__Provided data__.
========================================================================

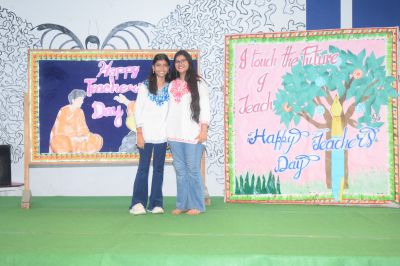 Teachers Day Celebration 2025 - Best Academic School in Chhattisgarh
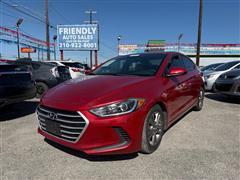 2017 Hyundai Elantra 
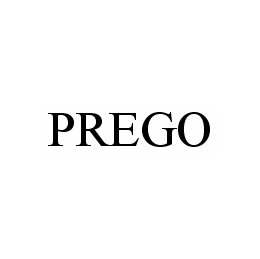 PREGO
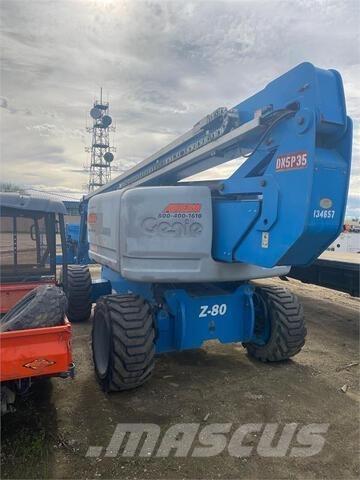 Genie Z-80/60 Zglobne podizne platforme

========================================================================

Starting at the line that contains "2017 Hyundai Elantra" and ending with the last line of the data, transcribe every line exactly; skip the pictures.

__Answer section__.
 2017 Hyundai Elantra 
 PREGO
 Genie Z-80/60 Zglobne podizne platforme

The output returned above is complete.